Repeat the lines below exactly as written, please, from the line with "KellyShibary online show" to the line with "BMW 5 Series", both lines included, and no others.
DATA FOR THIS EXERCISE Start Marker
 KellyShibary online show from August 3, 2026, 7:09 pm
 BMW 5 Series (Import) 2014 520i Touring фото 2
DATA FOR THIS EXERCISE End Marker
DATA FOR THIS EXERCISE Start Marker
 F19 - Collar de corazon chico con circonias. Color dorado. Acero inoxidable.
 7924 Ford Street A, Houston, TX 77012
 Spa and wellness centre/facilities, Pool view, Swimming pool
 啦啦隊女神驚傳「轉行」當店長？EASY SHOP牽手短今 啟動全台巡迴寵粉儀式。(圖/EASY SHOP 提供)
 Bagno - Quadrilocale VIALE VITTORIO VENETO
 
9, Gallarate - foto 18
DATA FOR THIS EXERCISE End Marker
DATA FOR THIS EXERCISE Start Marker
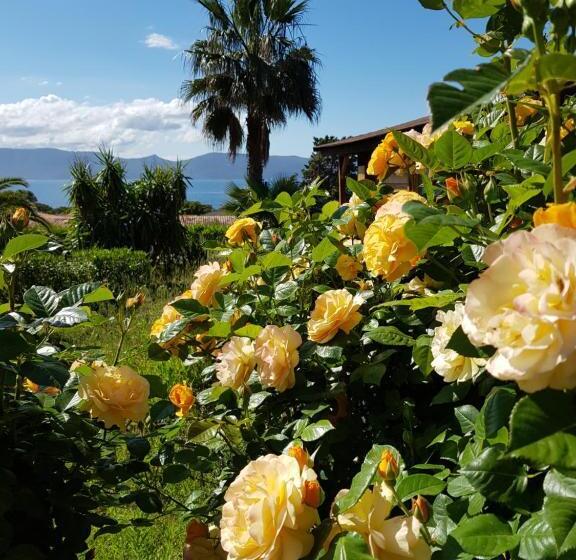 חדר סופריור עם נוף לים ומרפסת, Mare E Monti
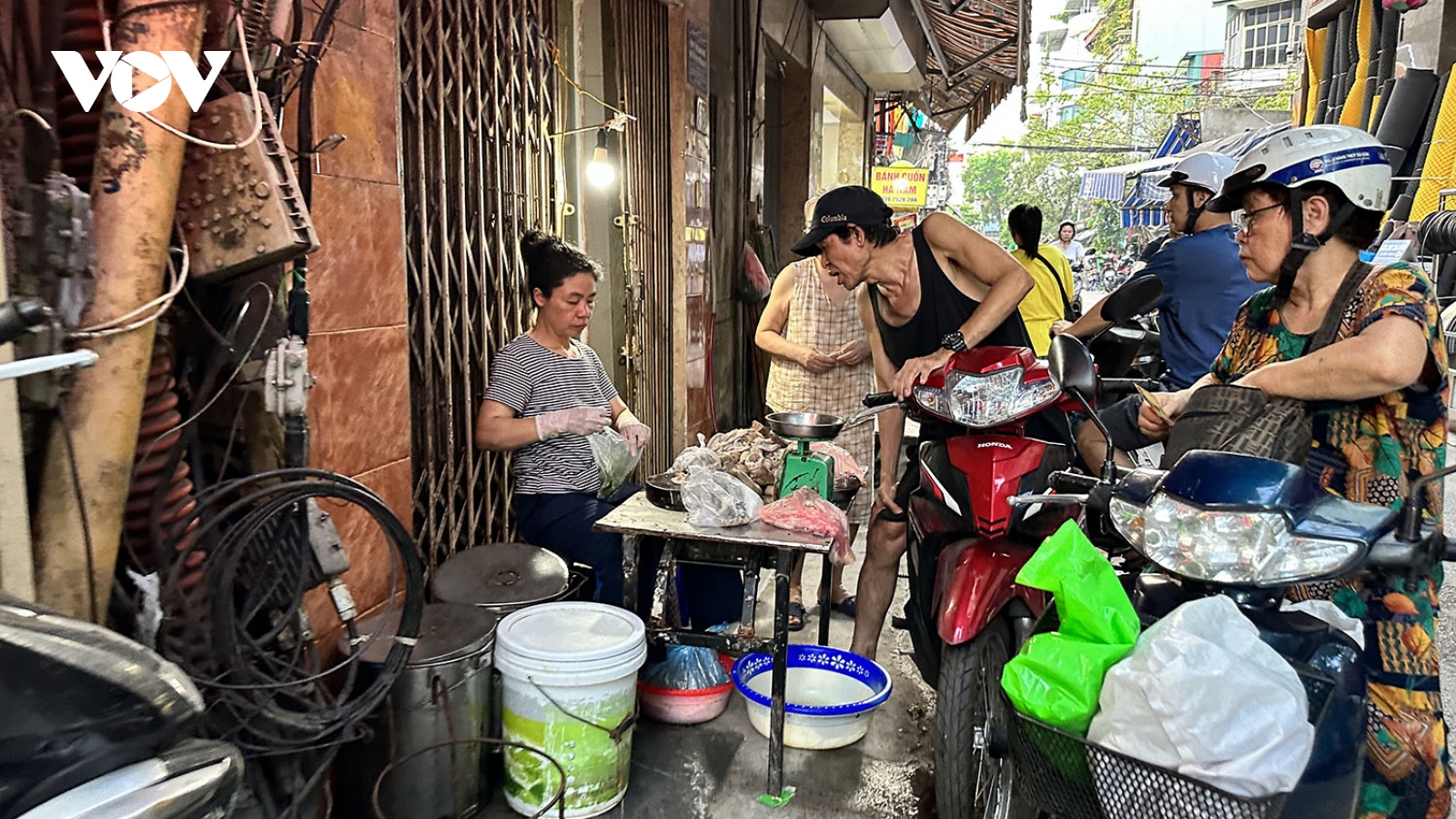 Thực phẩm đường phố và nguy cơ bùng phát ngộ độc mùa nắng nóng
DATA FOR THIS EXERCISE End Marker
• **ANSWER BOX**
 KellyShibary online show from August 3, 2026, 7:09 pm
 BMW 5 Series (Import) 2014 520i Touring фото 2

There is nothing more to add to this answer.